Premier David Alward is dismissing demands by doctors at the Dr.-Georges-L-Dumont University Hospital to leave the Vitalité Health Network.

A group of doctors at the Moncton hospital want the facility to separate from the health network and have its own administration and board.

Doctors in Saint John say they are also frustrated by the structure of the Horizon Health Network, but they have not issued a call to separate from the authority.

The province's eight health authorities were merged into two in 2008 and Alward said he sees no reason to go back.

"What we believe that we have in place is the structure to allow us to provide good health care, ultimately to allow people to receive the service that they need at the right place at the right time,” Alward said on Thursday.

“So I have no intention to see any changes going back to the way it was in the past."

Alward says the newly appointed chief executive officers of the two health networks have been on the job for a week and he believes they will continue improving the system.

The physicians at the Dumont hospital are complaining about how decisions are made in the restructured health authority.

Those frustrations are shared by doctors in the Horizon Health Network.

Saint John doctors are frustrated

Dr. Steven Bryniak, a Saint John-based urologist, said physicians have been telling the provincial government for years about problems with the new health structure.

“We have the same thing here in Saint John. We have the biggest hospital in the province, and yet we can't do anything because the levels of bureaucracy are there and the decision-making is in Miramichi,” he said.

When the health authorities were created, the administration for the Horizon Health Network was placed in Miramichi and the administration for the Vitalité Health Network was put in Bathurst.

More than a year ago, Bryniak wrote to Horizon's administration in Miramichi about a lack of operating room access in Saint John.

Bryniak said he has never seen the delivery of health care done so inefficiently.

“You can't get it into the operating room, the patient is taken — which is an inpatient at the [Saint John] Regional to St. Joseph's hospital — in order to do that simple procedure, put in an ambulance, $300 each way. That's not cost effective,” he said.

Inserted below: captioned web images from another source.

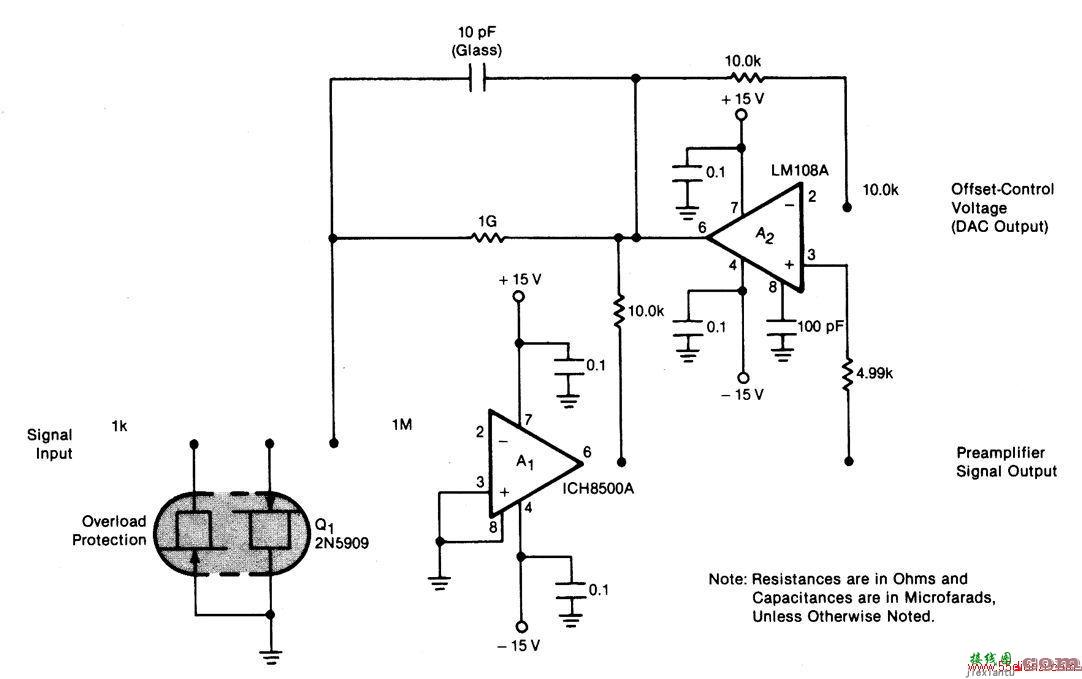 带过载保护的静电计放大器电路  第1张
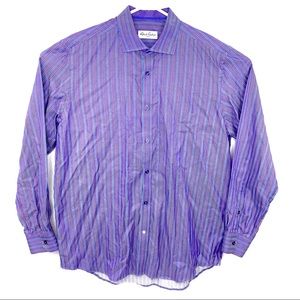Robert Graham Mens 43/17 Long Sleeve Striped Shirt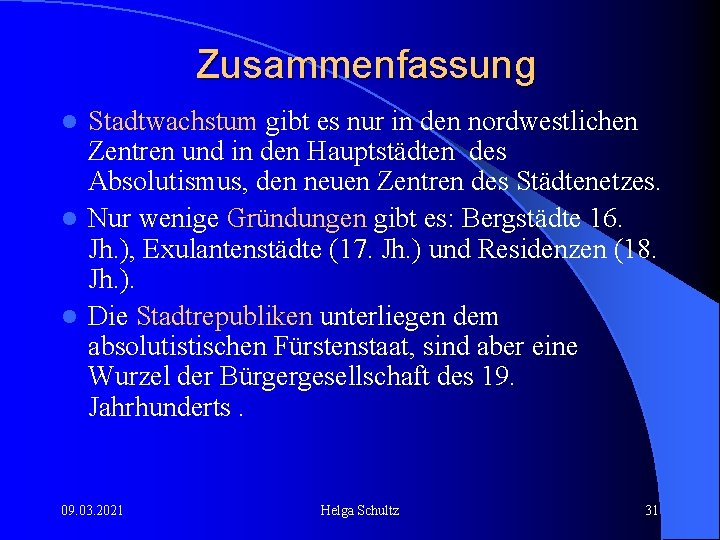 Zusammenfassung Stadtwachstum gibt es nur in den nordwestlichen Zentren und in den Hauptstädten des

But Bryniak said he never heard back from the administration of Horizon Health about this concern.

The Saint John doctor is willing to give Health Minister Ted Flemming a chance to improve the delivery of health services.

He said the staff at the Dumont should also have some patience.

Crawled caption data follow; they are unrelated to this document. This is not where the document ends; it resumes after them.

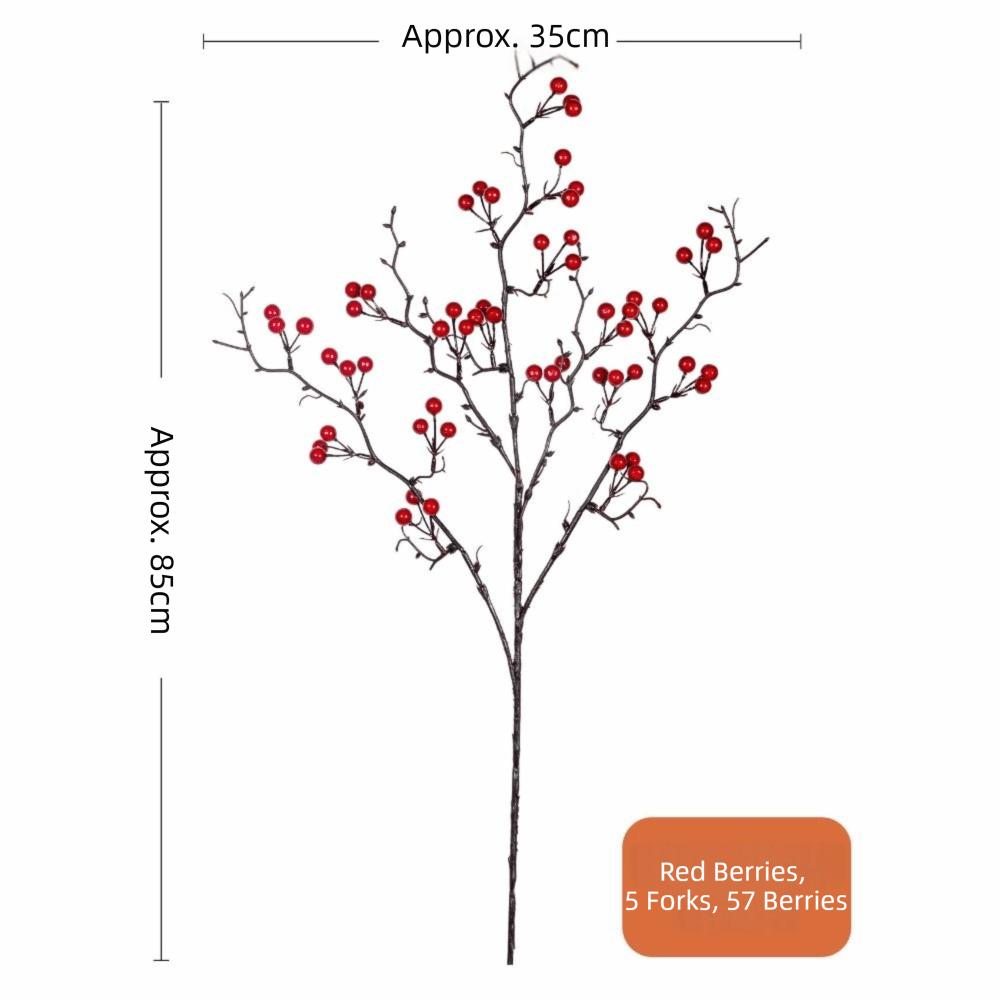 85cm Length Artificial Holly Artificial Plants Little Red Fruit Red Berry Branch Berry Branch Festival Decor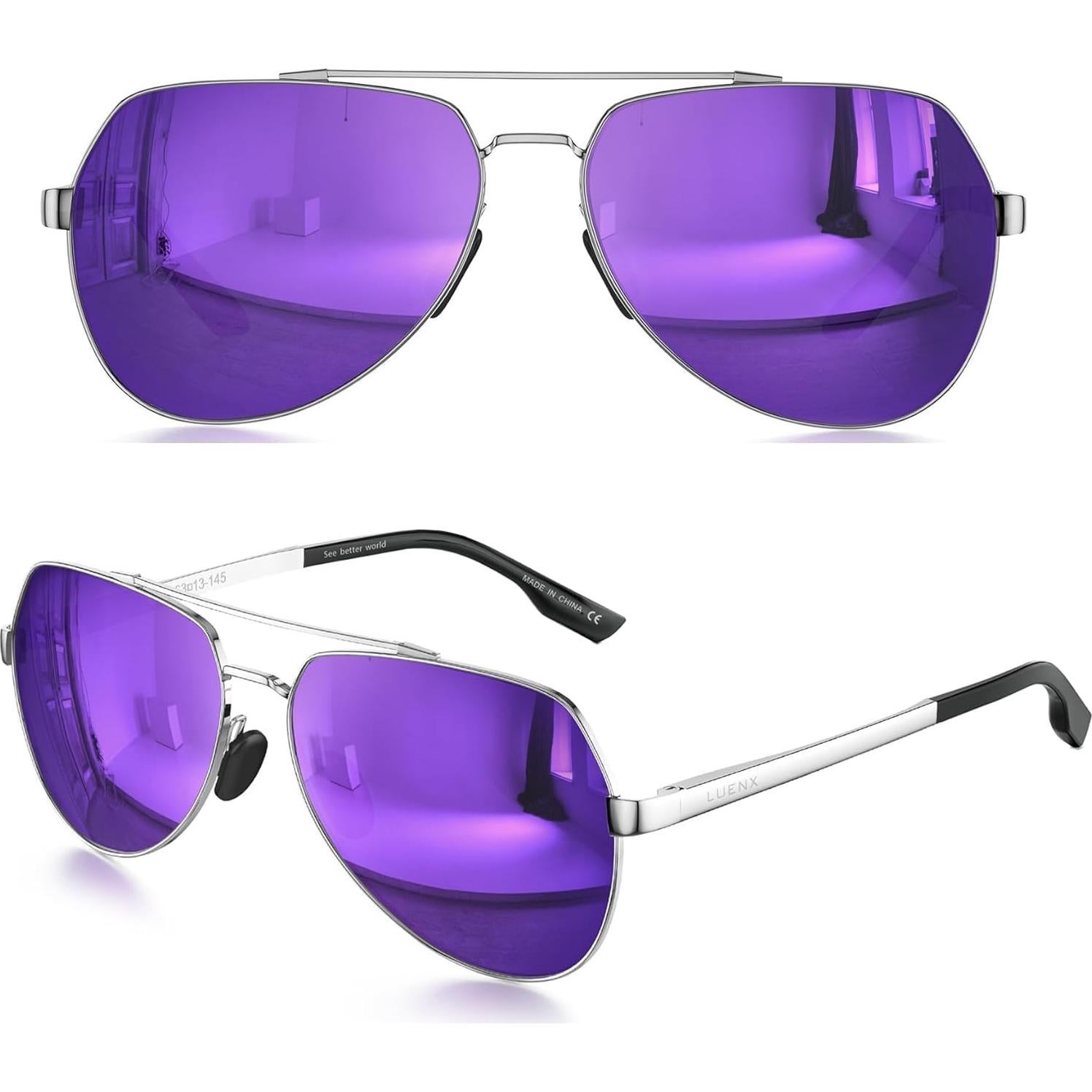 Gafas de sol LUENX Aviador Polarizadas UV400 para Unisex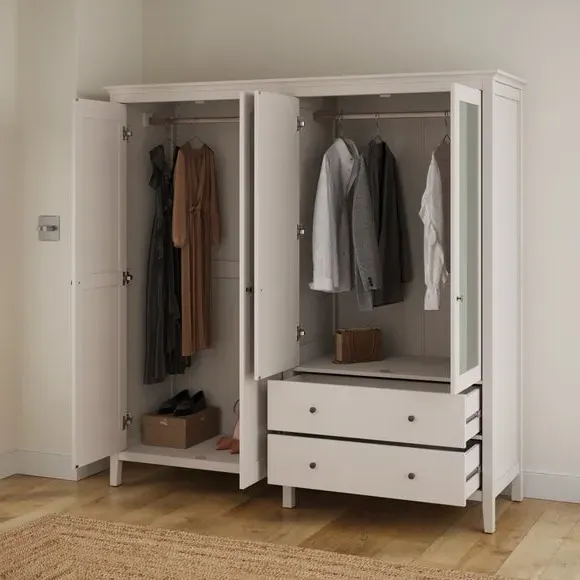 4-Door Mirrored Wardrobe with Drawers - Natural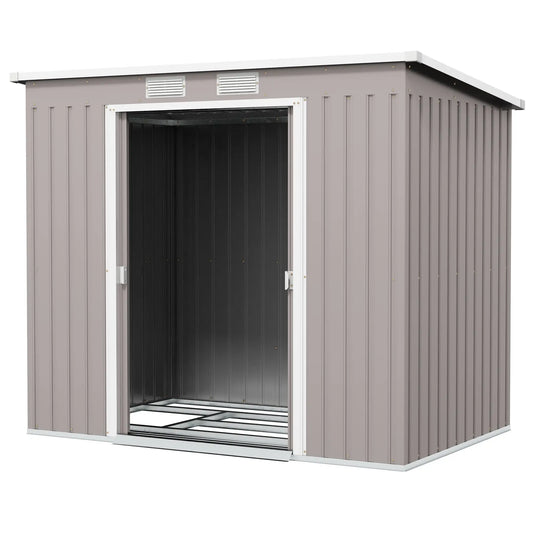 7' x 4' Galvanized Steel Garden Shed, Foundation Kit, Grey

“Please persevere, give this man a chance to try and do what his job is. I think down the road everybody is going to be a little happier to fix the issues in New Brunswick,” he said.

Bryniak says if Flemming doesn't fix things within a year, he too will be out of patience.

At that time, Bryniak said he and other doctors within Horizon Health may join their colleagues at the Dumont and ask for their own health authority.